Work item:
The records are set out below this line. Return exactly the lines from the one containing "КУБАНСКАЯ КАМЕТА" through the last, and exclude the pictures.

Extracted data:
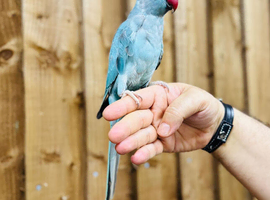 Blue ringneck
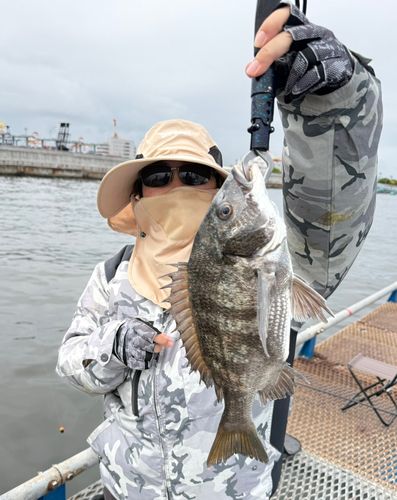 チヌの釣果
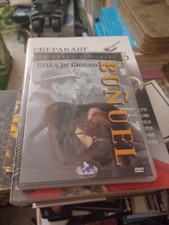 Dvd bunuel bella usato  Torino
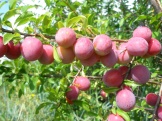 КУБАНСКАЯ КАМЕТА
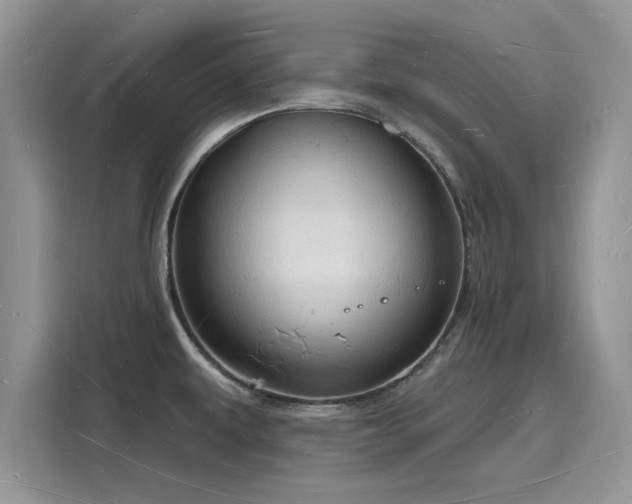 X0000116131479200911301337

Problem solution:
 КУБАНСКАЯ КАМЕТА
 X0000116131479200911301337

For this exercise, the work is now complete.